§ Data for this task:
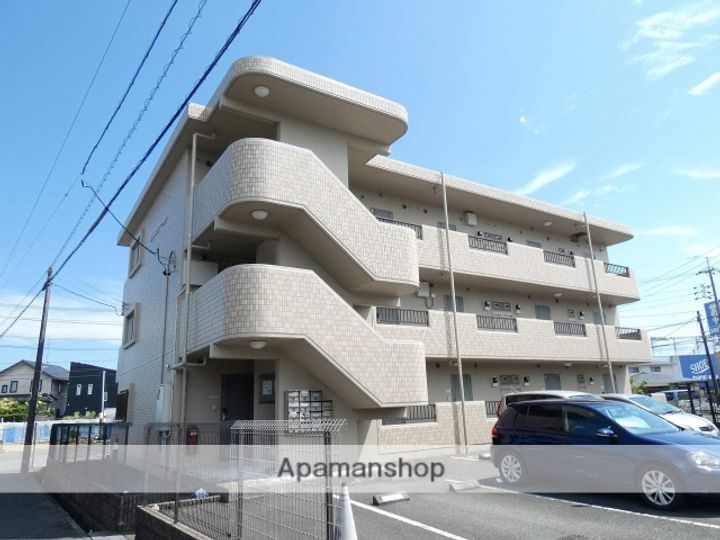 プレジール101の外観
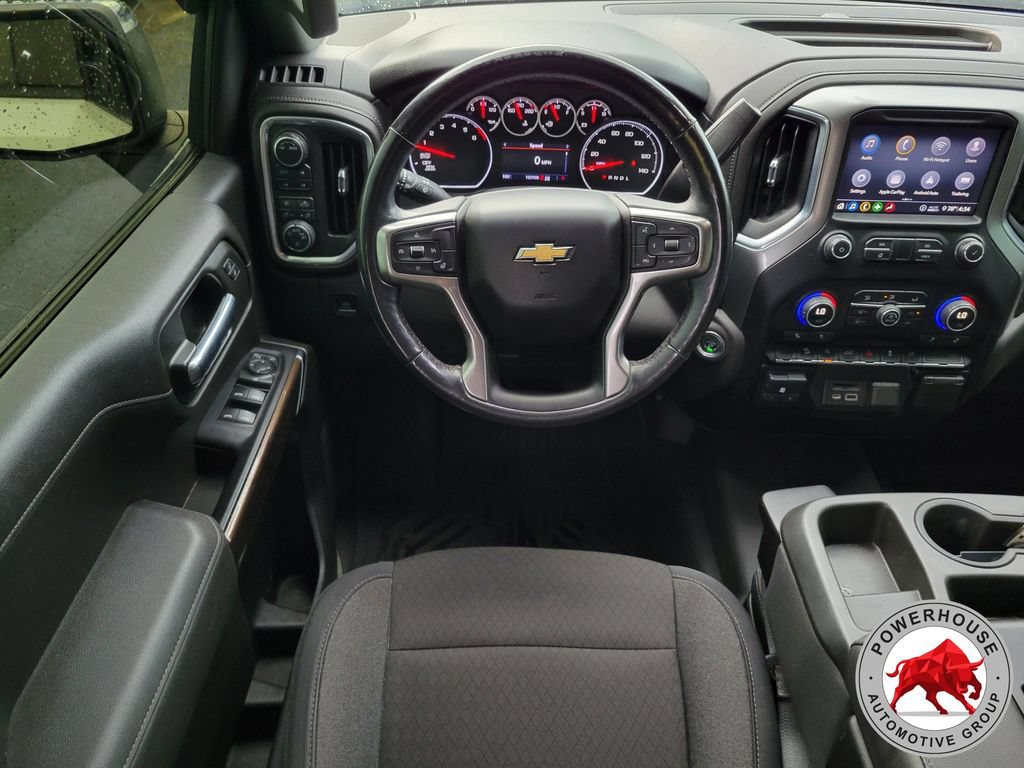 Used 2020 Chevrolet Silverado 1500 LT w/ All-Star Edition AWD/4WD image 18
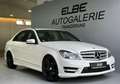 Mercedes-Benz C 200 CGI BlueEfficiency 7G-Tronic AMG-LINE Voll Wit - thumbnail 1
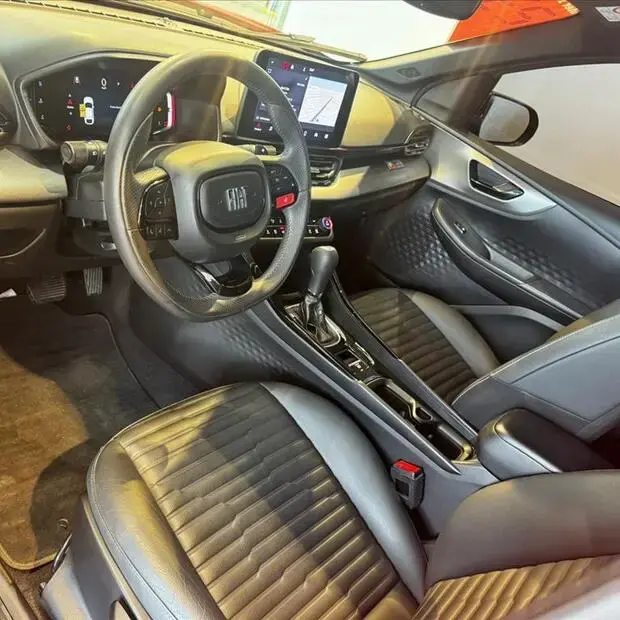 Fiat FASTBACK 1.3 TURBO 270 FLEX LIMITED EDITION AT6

---

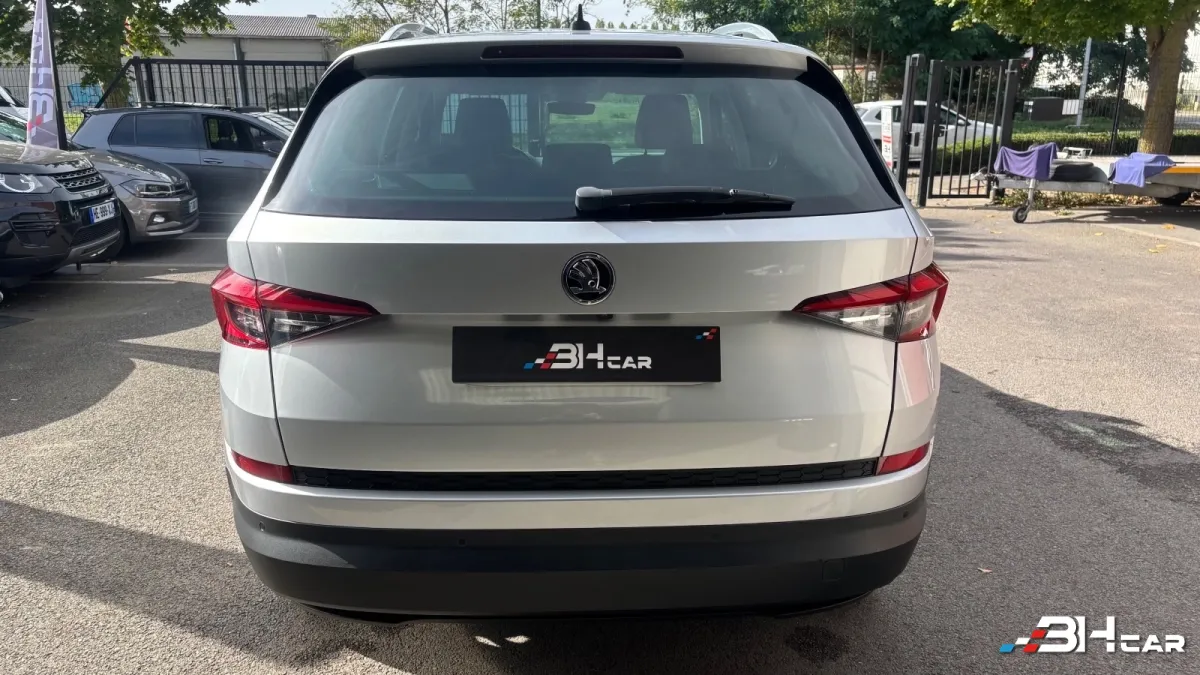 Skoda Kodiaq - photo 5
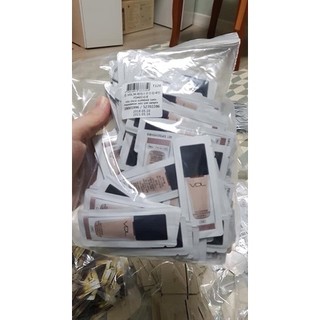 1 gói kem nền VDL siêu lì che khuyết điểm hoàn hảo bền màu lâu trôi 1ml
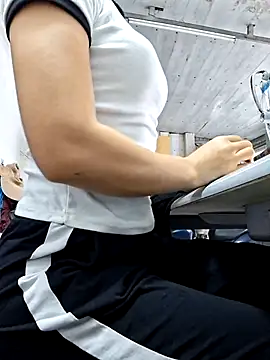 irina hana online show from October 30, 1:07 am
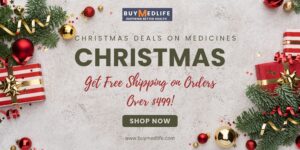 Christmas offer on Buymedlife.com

...

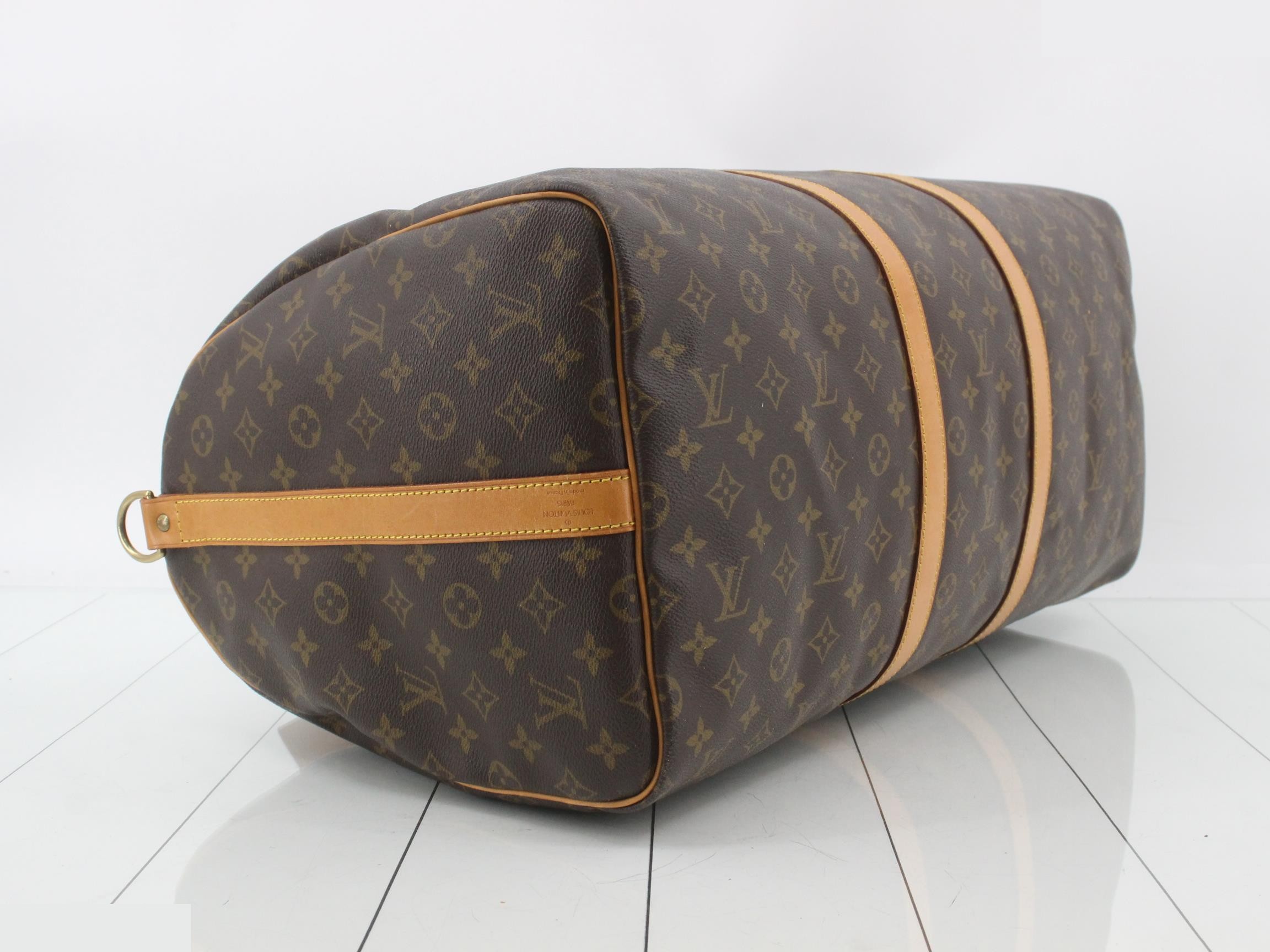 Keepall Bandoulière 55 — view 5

§ Description of the task:
What do the entries above read from the line containing "Skoda Kodiaq - photo 5" through the line containing "Christmas offer on Buymedlife.com"? Output those lines exactly, both ends included, with the pictures left out.

§ Your solution:
 Skoda Kodiaq - photo 5
 1 gói kem nền VDL siêu lì che khuyết điểm hoàn hảo bền màu lâu trôi 1ml
 irina hana online show from October 30, 1:07 am
 Christmas offer on Buymedlife.com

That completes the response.